§ **Aim of the task**: As you print the data below, keep every line exactly as it is and leave the images behind.

§ **Collected data entries**:
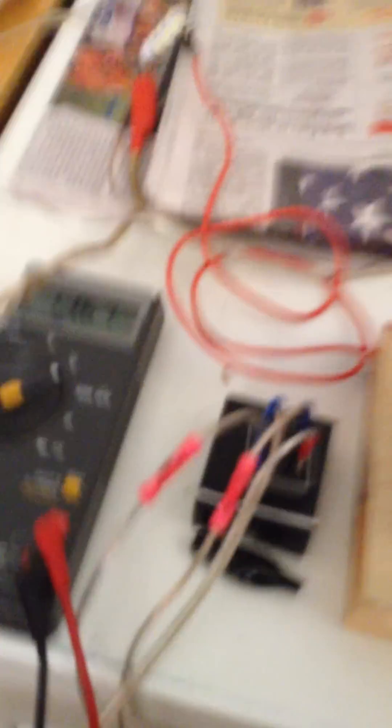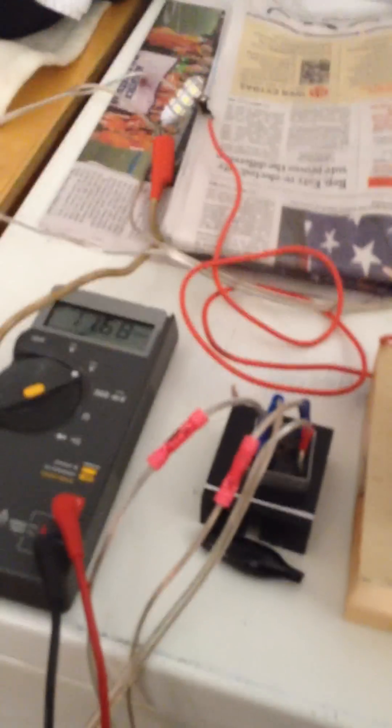You gotta be careful when you build these. You can get zapped pretty damn good — this electricity will hurt. It may be a very low amperage, but from the shocks that I feel from it, it hurts, and I have some long-lasting effects in my hands from the nerves. So don't do this without having some sort of rubber glove, something thick enough to protect you. Thanks for watching.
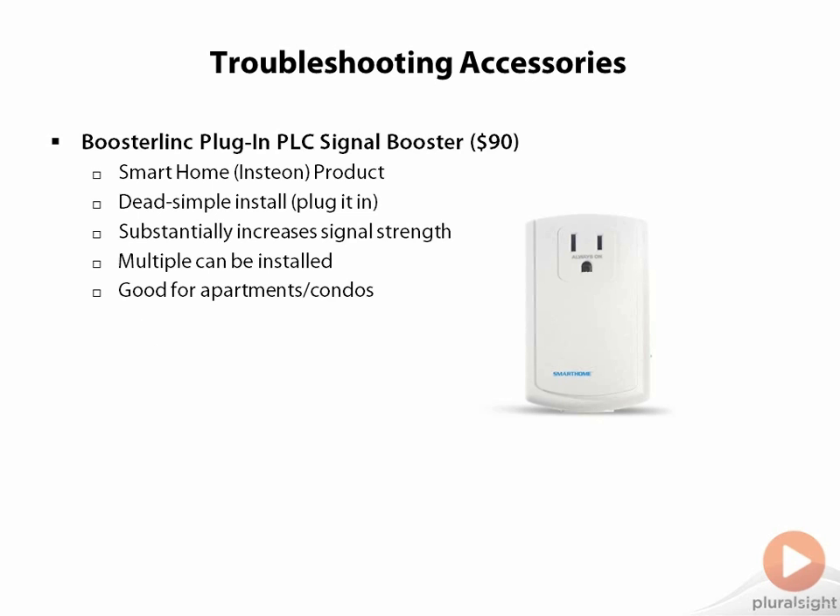If filtering out the noise isn't effective, you can always go the other route and boost your signal. The booster link allows you to do this, albeit for a pretty penny. This is an Insteon product, which explains the higher price tag, but it also gives you a good feeling of reliability as I understand it. Full disclosure is that I have never actually tried this product myself. It's simple to install in that you just plug it in, preferably near your transceiver or your controller, since the booster has to be able to pick up the original signal in order to amplify it. Of course, if you want to invest the money, you can have multiple boosters strategically around the house as well.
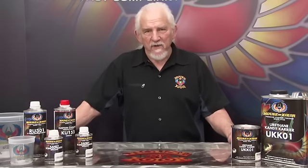You drivers and counter men are going to be as excited as I am about the new UKK01. In California, they consider candy coats a mid coat because they're applied over the base under the clear. Consequently, it has to meet a new VOC. We've developed that system and it's unbelievable.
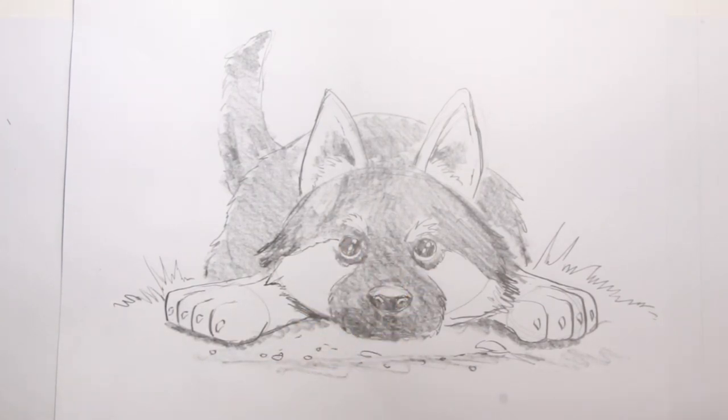I think our puppy looks really really good. Outstanding job — until next time, keep drawing and keep being great!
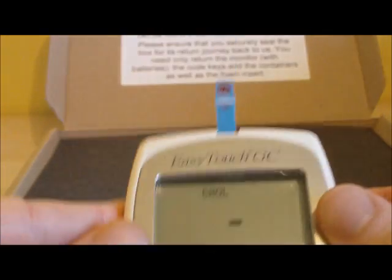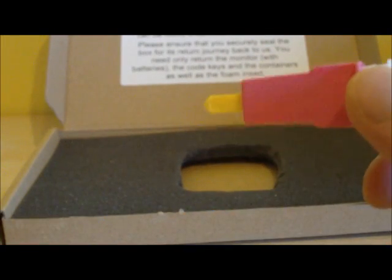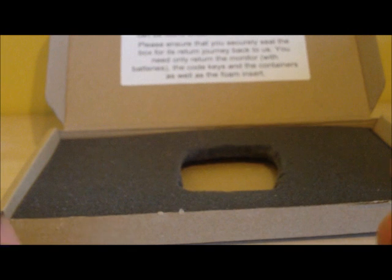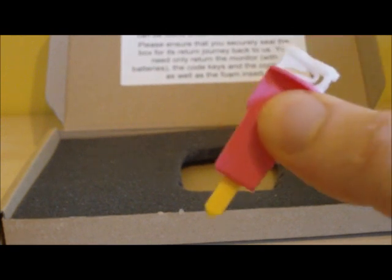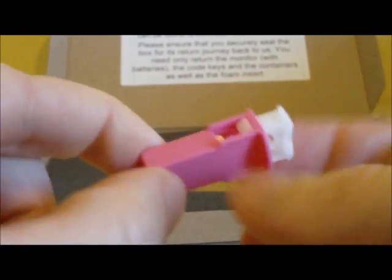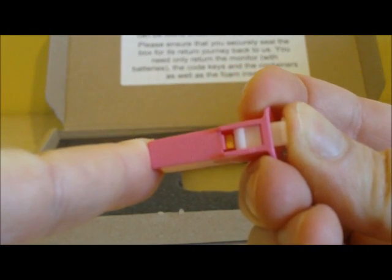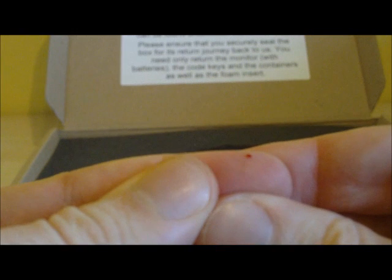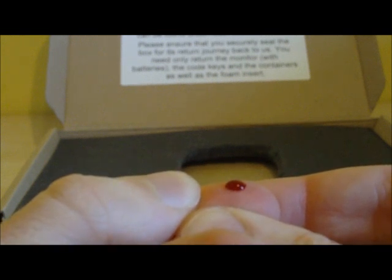Before pricking your finger, go and wash your hands to ensure they are nice and clean, as this reduces the risk of infection. Using nice warm soapy water will also increase blood flow to your fingers, ensuring a good blood supply from the finger prick. Take your lancet, remove the yellow cap, hold the lancet flush with your finger, push down on the white top and you will hear a click. The blood should start forming — try not to squeeze too much and allow it to bleed as naturally as possible.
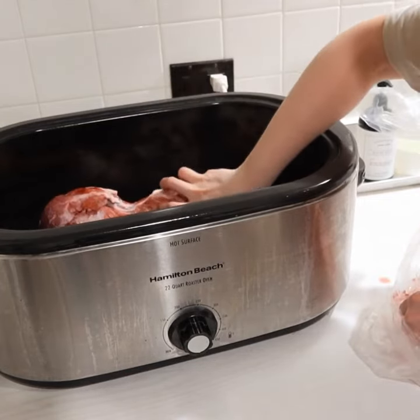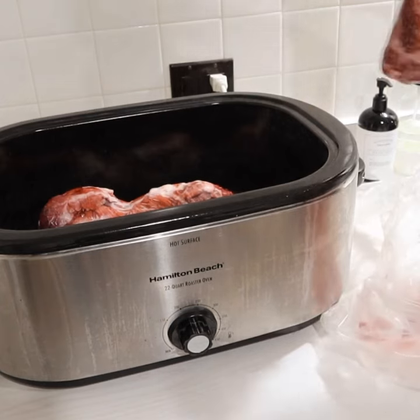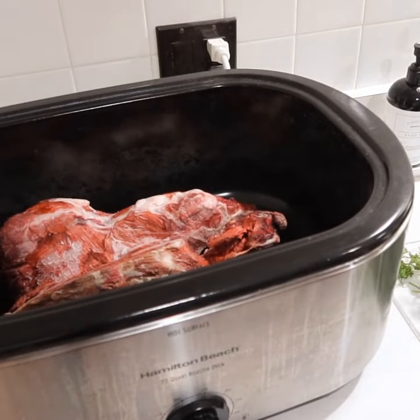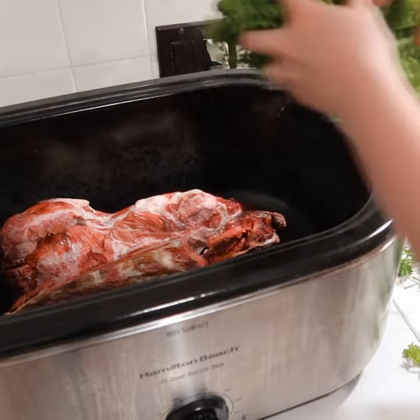Beef broth is so incredibly simple to make and very cheap. At the butcher, I think these were 99 cents a pound, and I'm going to get a lot of beef broth out of this. You can add whatever you want to your beef broth — I like to empty my refrigerator, just whatever I have on hand.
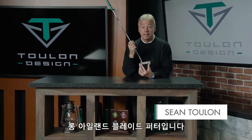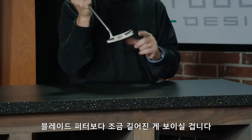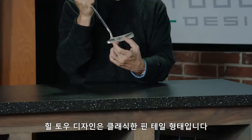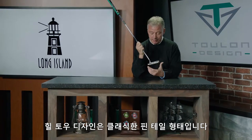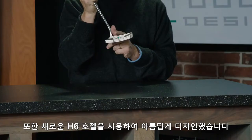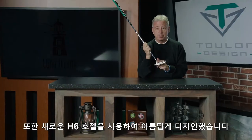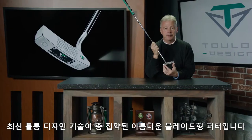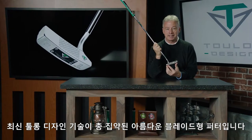This is our Long Island blade. You'll notice it's got a slightly longer blade length, gentle upsweep to the toe, heel toe design, classic pintail shape. It also features our new H6 hosel, which I think is just beautifully designed, flowing three-quarter shaft offset — a beautiful blade infused with all the latest Toulon design technology.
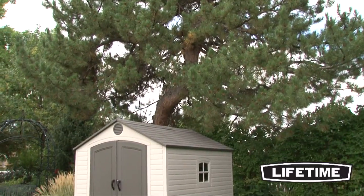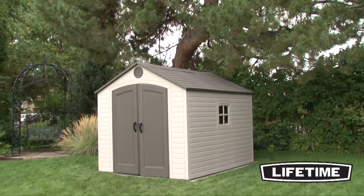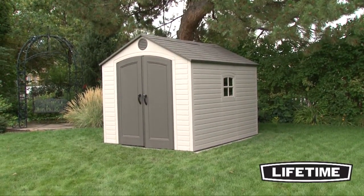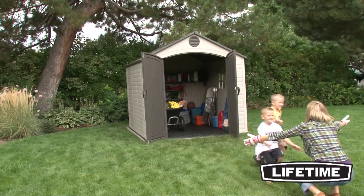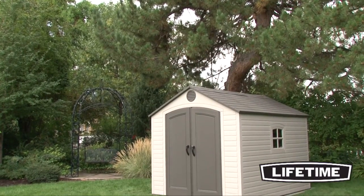Lifetime Sheds are not only built for strength and durability, they also have an attractive appearance and design to accent the beauty of your backyard. So let a Lifetime Shed be your gardening and storage solution. With its durability and good looks, it will be the envy of your neighborhood.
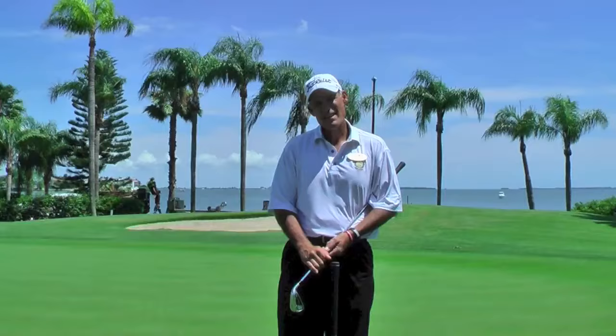Hello, my name is Fred Curtis. I'm the director of golf and teaching at Isla del Sol Yacht and Country Club in beautiful St. Petersburg, Florida. And we're going to help you with your game today.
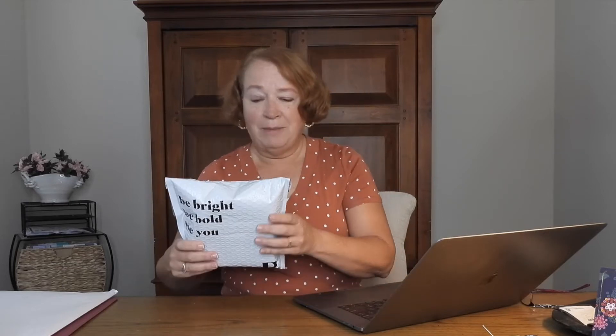I tend to buy at least one item a month. I feel like if I spend my styling fee on an item, I'm not wasting it, so I usually get at least one item out of the box. I'm excited — last box I actually bought all three items!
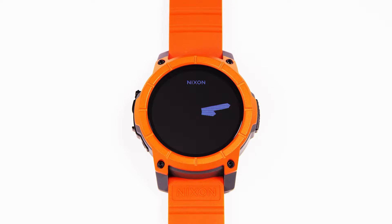Hi, I'm Nick Everest, product manager here at Nixon. So in addition to the Trace Surf app, the Mission comes preloaded with the Trace Snow app. It's designed to do specific snow sports tracking.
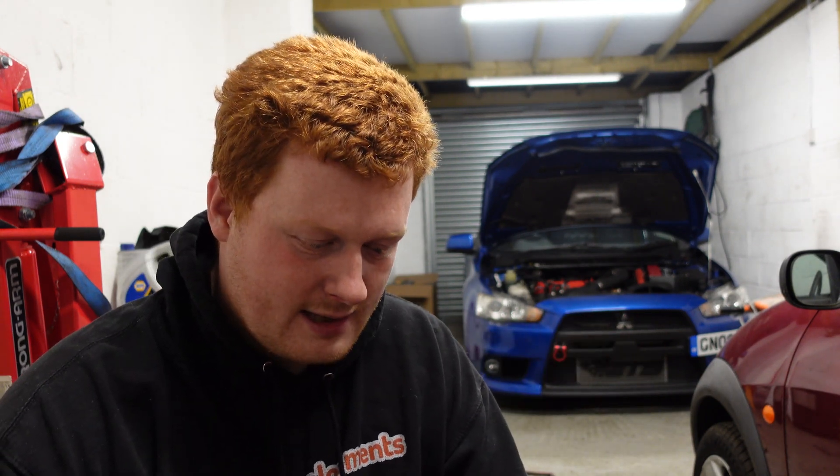Hi guys, welcome back to the channel. Today I'll be showing you how I gap my spark plugs — I'm gapping the plugs on Steve's Evo. There are a few reasons why you might want to gap your spark plugs: if the gap is too wide or too thin you could get a poor spark and not be able to properly ignite the fuel and air mixture.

§ **Answer box**:
You gotta be careful when you build these. You can get zapped pretty damn good — this electricity will hurt. It may be a very low amperage, but from the shocks that I feel from it, it hurts, and I have some long-lasting effects in my hands from the nerves. So don't do this without having some sort of rubber glove, something thick enough to protect you. Thanks for watching.
If filtering out the noise isn't effective, you can always go the other route and boost your signal. The booster link allows you to do this, albeit for a pretty penny. This is an Insteon product, which explains the higher price tag, but it also gives you a good feeling of reliability as I understand it. Full disclosure is that I have never actually tried this product myself. It's simple to install in that you just plug it in, preferably near your transceiver or your controller, since the booster has to be able to pick up the original signal in order to amplify it. Of course, if you want to invest the money, you can have multiple boosters strategically around the house as well.
You drivers and counter men are going to be as excited as I am about the new UKK01. In California, they consider candy coats a mid coat because they're applied over the base under the clear. Consequently, it has to meet a new VOC. We've developed that system and it's unbelievable.
I think our puppy looks really really good. Outstanding job — until next time, keep drawing and keep being great!
Before pricking your finger, go and wash your hands to ensure they are nice and clean, as this reduces the risk of infection. Using nice warm soapy water will also increase blood flow to your fingers, ensuring a good blood supply from the finger prick. Take your lancet, remove the yellow cap, hold the lancet flush with your finger, push down on the white top and you will hear a click. The blood should start forming — try not to squeeze too much and allow it to bleed as naturally as possible.
Beef broth is so incredibly simple to make and very cheap. At the butcher, I think these were 99 cents a pound, and I'm going to get a lot of beef broth out of this. You can add whatever you want to your beef broth — I like to empty my refrigerator, just whatever I have on hand.
This is our Long Island blade. You'll notice it's got a slightly longer blade length, gentle upsweep to the toe, heel toe design, classic pintail shape. It also features our new H6 hosel, which I think is just beautifully designed, flowing three-quarter shaft offset — a beautiful blade infused with all the latest Toulon design technology.
Lifetime Sheds are not only built for strength and durability, they also have an attractive appearance and design to accent the beauty of your backyard. So let a Lifetime Shed be your gardening and storage solution. With its durability and good looks, it will be the envy of your neighborhood.
Hello, my name is Fred Curtis. I'm the director of golf and teaching at Isla del Sol Yacht and Country Club in beautiful St. Petersburg, Florida. And we're going to help you with your game today.
I tend to buy at least one item a month. I feel like if I spend my styling fee on an item, I'm not wasting it, so I usually get at least one item out of the box. I'm excited — last box I actually bought all three items!
Hi, I'm Nick Everest, product manager here at Nixon. So in addition to the Trace Surf app, the Mission comes preloaded with the Trace Snow app. It's designed to do specific snow sports tracking.
Hi guys, welcome back to the channel. Today I'll be showing you how I gap my spark plugs — I'm gapping the plugs on Steve's Evo. There are a few reasons why you might want to gap your spark plugs: if the gap is too wide or too thin you could get a poor spark and not be able to properly ignite the fuel and air mixture.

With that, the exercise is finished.